He escaped a job he couldn’t stand, for a wife who couldn’t stand him.

Sober Bertie was much more suitable as king. His wife Elizabeth Bowes-Lyon was popular and they had two charming daughters

Wallis never meant to marry Edward
 
During their photo session at the chateau, Wallis told Beaton that, ‘during the entire period of these discussions [meaning all the meetings about the Abdication] Mr Baldwin held in his possession papers which had been signed by [her] to the effect that she was willing to stop divorce proceedings against her husband.’

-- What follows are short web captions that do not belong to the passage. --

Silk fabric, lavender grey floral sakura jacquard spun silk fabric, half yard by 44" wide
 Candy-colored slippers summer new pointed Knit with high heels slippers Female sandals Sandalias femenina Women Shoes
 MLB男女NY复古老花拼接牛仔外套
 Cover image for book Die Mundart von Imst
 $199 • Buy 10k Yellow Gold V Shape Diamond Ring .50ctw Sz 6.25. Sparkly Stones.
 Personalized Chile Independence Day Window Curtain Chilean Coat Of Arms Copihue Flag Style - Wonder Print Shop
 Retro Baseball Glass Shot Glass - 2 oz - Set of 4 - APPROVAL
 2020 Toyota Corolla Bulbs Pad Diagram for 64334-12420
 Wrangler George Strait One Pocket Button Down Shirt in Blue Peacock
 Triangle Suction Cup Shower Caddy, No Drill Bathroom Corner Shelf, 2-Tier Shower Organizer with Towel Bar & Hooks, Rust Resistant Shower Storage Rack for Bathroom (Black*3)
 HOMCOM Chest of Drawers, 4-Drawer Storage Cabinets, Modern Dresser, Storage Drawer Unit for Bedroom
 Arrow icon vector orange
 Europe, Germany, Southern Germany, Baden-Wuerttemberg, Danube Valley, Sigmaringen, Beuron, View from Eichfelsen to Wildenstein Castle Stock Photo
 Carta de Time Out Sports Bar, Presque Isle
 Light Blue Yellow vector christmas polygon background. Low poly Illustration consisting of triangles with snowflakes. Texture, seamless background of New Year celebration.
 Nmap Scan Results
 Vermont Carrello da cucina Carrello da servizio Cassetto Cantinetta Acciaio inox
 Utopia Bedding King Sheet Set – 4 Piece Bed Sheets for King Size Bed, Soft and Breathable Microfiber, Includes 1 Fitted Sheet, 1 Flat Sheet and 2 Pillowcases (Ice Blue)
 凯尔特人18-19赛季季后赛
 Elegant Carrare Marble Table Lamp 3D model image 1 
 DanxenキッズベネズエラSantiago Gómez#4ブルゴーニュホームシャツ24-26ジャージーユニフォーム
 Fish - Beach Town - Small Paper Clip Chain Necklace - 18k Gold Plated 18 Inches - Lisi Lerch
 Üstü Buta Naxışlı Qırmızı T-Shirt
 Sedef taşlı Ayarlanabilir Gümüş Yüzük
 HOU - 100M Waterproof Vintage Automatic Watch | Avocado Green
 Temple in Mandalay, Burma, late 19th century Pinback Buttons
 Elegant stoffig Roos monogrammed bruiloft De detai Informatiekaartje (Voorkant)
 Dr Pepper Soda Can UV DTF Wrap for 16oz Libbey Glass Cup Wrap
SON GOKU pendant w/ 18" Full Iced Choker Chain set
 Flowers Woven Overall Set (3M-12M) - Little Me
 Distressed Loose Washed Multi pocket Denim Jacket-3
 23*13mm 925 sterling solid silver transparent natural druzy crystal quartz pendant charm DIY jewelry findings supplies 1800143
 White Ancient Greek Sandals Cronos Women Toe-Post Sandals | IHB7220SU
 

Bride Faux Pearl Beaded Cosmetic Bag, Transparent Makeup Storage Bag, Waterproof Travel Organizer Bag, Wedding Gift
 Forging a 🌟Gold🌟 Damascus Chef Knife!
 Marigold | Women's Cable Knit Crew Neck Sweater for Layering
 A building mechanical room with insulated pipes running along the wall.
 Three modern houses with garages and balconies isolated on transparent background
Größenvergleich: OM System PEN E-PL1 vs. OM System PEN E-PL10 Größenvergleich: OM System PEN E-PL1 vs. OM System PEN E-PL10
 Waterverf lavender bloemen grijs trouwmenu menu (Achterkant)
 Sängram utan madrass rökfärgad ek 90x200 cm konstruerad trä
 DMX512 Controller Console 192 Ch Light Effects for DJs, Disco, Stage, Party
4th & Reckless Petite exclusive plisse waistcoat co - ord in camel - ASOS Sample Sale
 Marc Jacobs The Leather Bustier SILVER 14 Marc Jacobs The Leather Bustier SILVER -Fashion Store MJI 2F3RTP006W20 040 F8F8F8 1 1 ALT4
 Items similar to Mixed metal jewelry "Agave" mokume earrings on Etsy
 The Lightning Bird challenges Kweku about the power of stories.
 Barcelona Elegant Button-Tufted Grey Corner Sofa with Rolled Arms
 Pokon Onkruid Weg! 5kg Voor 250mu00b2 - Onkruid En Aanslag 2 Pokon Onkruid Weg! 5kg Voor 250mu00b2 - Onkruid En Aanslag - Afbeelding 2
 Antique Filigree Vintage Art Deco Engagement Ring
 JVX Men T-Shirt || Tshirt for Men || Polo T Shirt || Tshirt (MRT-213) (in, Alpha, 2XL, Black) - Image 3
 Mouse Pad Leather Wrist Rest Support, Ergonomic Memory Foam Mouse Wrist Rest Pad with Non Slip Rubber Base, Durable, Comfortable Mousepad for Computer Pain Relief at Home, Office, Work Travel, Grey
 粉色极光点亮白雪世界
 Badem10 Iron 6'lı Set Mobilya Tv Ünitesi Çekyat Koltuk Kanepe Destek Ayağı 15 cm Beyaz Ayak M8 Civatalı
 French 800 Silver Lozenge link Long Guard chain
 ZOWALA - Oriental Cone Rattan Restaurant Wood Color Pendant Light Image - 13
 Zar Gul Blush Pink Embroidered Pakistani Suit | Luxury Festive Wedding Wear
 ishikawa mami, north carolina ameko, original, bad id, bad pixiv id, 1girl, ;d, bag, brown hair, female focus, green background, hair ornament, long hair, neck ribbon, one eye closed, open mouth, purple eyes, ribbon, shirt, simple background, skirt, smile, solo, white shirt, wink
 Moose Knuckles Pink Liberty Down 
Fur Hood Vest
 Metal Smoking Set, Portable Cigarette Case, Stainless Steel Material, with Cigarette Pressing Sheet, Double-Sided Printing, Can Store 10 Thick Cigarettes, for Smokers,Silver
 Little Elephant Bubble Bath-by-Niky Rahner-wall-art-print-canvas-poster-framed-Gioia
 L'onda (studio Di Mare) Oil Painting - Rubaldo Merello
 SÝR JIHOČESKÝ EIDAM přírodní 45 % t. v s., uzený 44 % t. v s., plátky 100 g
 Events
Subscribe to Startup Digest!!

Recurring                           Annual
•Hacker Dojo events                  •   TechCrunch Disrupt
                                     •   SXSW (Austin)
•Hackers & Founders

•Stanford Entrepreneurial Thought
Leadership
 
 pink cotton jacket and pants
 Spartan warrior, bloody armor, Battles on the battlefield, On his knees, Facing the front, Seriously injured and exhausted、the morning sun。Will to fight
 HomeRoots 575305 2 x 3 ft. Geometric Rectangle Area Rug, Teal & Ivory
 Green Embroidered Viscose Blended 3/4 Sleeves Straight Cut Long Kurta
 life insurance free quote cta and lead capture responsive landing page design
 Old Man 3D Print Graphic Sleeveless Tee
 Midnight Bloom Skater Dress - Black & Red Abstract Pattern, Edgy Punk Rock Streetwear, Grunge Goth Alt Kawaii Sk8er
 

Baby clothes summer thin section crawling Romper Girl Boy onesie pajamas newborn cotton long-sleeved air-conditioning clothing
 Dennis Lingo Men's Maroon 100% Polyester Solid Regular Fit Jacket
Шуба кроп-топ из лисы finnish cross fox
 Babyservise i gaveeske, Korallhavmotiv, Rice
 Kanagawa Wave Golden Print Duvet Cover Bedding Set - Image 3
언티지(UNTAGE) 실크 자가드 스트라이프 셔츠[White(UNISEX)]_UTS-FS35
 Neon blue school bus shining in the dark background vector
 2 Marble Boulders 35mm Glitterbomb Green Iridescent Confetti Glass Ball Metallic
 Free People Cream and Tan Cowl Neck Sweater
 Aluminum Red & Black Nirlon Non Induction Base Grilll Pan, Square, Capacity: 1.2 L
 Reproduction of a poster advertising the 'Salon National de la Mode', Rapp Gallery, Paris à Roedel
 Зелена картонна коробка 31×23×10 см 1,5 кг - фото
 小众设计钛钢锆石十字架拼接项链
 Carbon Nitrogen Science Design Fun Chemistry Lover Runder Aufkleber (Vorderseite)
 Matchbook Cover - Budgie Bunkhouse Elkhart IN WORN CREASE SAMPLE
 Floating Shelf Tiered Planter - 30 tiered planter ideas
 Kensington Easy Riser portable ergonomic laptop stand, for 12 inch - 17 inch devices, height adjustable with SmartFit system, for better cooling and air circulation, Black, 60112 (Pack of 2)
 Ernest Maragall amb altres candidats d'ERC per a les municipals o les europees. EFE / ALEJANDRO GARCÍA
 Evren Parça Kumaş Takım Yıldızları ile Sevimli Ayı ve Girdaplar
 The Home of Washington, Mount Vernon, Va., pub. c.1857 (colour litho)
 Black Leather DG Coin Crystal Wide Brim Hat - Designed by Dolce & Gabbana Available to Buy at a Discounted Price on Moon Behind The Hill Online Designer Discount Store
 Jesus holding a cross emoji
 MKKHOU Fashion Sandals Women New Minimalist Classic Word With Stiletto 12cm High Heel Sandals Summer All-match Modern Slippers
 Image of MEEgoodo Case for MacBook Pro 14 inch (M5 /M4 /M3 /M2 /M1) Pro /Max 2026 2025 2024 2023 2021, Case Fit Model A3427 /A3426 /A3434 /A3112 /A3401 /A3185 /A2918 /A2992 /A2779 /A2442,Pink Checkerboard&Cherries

She and Ernest had their own nickname for Edward, Peter Pan – a man who refused to grow up. In fact right up the granting of the divorce after the abdication, Wallis Simpson was writing to Ernest Simpson appalled at the direction events had taken and half wishing they could call a halt and get back together.
 
Wallis all but blamed Baldwin for the mess she now found herself in, exiled to a luxurious French chateau, loaded with cash and jewels, but effectively forced to marry a man with whom, as Cecil Beaton recorded in his diary, it was obvious she was not in love.
 
Edward as king was a liability. Edward’s father George V had said ‘my eldest son will never succeed me. He will abdicate…. After I am dead, the boy will ruin himself within 12 months.’ And that was before Wallis appeared on the scene.
 
As king, Edward left highly confidential state papers lying about for anyone – including Wallis Simpson - to look at. He didn’t receive important visitors with respect and seriousness and he offended everyone by failing to go to church – he only went twice in his entire reign.
 
Given half a chance to replace him with his sober brother Bertie, with two small and charming daughters, the government of Stanley Baldwin seems to have had little hesitation. It was a quietly brilliant palace coup.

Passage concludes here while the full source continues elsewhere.